Transnational feminism refers to both a contemporary feminist paradigm and the corresponding activist movement. Both the theories and activist practices are concerned with how globalization and capitalism affect people across nations, races, genders, classes, and sexualities.
The term “transnational” is reacting to and rejecting terms like “international” and “global” feminism. Transnational feminists believe that the term “international” puts more emphasis on nation-states as distinct entities, and that “global” speaks to liberal feminist theories on “global sisterhood” that ignore Third World women and women of color’s perspectives on gender inequality.
The transnational feminist academic paradigm draws from postcolonial feminist theories, which emphasize how colonialist legacies have shaped and continue to shape the social, economic, and political oppression of women and men across the globe. It rejects the idea that people from different nations have the same subjectivities and experiences with gender inequality, and recognizes that global capitalism has created similar relations of exploitation and inequality, around which feminists around the world can find solidarity and seek collaboration.

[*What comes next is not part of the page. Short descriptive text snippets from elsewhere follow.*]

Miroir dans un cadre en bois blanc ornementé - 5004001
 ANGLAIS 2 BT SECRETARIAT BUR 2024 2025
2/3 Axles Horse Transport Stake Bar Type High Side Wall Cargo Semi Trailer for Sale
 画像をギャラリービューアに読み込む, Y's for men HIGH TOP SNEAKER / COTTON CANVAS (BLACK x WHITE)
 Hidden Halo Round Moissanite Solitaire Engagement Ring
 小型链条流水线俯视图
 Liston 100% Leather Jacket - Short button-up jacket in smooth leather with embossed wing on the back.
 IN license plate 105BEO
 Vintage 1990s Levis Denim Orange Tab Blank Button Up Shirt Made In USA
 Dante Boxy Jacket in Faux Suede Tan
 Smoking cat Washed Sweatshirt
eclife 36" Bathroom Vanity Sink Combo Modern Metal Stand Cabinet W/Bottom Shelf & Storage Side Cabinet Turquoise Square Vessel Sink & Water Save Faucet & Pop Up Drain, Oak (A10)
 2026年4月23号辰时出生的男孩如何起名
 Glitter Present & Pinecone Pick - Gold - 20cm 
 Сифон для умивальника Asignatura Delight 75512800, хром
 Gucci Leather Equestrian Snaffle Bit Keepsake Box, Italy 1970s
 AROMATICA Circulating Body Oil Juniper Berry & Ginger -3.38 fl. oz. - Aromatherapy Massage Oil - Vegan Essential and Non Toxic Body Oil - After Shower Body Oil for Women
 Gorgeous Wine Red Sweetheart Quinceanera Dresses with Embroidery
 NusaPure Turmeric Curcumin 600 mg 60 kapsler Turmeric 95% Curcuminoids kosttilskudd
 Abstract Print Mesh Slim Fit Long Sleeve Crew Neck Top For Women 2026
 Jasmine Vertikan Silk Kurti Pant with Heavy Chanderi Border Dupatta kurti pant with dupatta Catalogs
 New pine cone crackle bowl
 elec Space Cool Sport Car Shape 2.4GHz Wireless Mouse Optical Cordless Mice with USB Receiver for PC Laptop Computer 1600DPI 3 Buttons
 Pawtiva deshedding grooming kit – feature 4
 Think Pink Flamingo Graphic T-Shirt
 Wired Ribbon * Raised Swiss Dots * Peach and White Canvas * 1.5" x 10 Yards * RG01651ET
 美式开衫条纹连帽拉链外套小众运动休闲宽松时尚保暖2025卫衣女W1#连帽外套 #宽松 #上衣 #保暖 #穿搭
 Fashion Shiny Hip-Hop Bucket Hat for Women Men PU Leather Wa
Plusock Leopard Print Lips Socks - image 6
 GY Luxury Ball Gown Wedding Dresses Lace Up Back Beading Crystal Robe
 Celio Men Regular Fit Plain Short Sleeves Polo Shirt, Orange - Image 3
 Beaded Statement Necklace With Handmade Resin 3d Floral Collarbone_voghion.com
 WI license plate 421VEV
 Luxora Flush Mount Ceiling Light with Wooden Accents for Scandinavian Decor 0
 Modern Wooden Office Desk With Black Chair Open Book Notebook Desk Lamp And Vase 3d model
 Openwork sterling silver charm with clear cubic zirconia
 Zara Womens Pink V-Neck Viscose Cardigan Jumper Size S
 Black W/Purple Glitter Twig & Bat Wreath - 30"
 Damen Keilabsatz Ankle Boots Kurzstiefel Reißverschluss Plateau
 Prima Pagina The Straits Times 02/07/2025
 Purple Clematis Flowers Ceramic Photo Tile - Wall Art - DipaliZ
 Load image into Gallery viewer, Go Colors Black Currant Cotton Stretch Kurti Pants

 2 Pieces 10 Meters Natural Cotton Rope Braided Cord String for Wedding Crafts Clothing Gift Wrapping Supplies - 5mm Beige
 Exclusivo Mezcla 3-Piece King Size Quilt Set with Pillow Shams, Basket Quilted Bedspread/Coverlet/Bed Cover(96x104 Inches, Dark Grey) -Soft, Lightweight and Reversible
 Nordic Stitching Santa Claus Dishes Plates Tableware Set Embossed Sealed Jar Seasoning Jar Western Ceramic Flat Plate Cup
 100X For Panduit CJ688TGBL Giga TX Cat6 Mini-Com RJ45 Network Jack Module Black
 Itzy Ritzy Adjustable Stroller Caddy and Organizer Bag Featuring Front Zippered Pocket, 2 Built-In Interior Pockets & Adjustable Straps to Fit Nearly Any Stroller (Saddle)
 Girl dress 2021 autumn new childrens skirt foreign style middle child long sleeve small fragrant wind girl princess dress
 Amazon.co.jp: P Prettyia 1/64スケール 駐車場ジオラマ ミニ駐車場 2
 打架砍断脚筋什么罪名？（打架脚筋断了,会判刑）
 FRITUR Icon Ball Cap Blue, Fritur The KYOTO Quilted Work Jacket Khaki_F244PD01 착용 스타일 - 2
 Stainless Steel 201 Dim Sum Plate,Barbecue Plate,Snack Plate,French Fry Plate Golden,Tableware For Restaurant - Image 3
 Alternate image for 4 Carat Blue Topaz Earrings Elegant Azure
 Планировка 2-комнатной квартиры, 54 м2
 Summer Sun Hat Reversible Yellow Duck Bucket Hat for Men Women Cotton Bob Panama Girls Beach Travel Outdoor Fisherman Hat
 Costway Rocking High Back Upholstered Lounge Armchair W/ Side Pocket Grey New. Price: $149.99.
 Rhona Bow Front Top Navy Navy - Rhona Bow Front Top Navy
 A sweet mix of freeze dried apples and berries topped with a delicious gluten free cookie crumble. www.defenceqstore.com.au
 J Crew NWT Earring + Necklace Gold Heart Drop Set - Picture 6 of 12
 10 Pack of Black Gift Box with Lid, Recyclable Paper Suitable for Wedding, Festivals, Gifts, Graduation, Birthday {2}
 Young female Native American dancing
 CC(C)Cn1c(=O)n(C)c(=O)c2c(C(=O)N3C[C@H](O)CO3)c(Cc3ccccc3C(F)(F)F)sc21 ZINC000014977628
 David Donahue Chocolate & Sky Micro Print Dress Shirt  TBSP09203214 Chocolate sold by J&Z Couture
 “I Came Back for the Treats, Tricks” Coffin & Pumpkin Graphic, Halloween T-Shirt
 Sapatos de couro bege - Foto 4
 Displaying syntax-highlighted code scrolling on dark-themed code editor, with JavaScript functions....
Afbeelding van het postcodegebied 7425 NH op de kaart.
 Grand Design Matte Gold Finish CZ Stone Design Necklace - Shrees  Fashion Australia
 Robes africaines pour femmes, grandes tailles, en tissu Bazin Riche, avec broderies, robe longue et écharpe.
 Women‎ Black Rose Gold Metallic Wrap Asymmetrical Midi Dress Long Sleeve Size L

Transnational feminist practice is involved in activist movements across the globe that work together to understand the role of gender, the state, race, class, and sexuality in critiquing and resisting structures of patriarchal, capitalist power. It is attentive to feminism as both a liberatory formation and a practice that has been oppressed by and sometimes been complicit with colonialism, racism, and imperialism. As such, it resists utopic ideas about "global sisterhood" while simultaneously working to lay the groundwork for more productive and equitable social relations among women across borders and cultural contexts.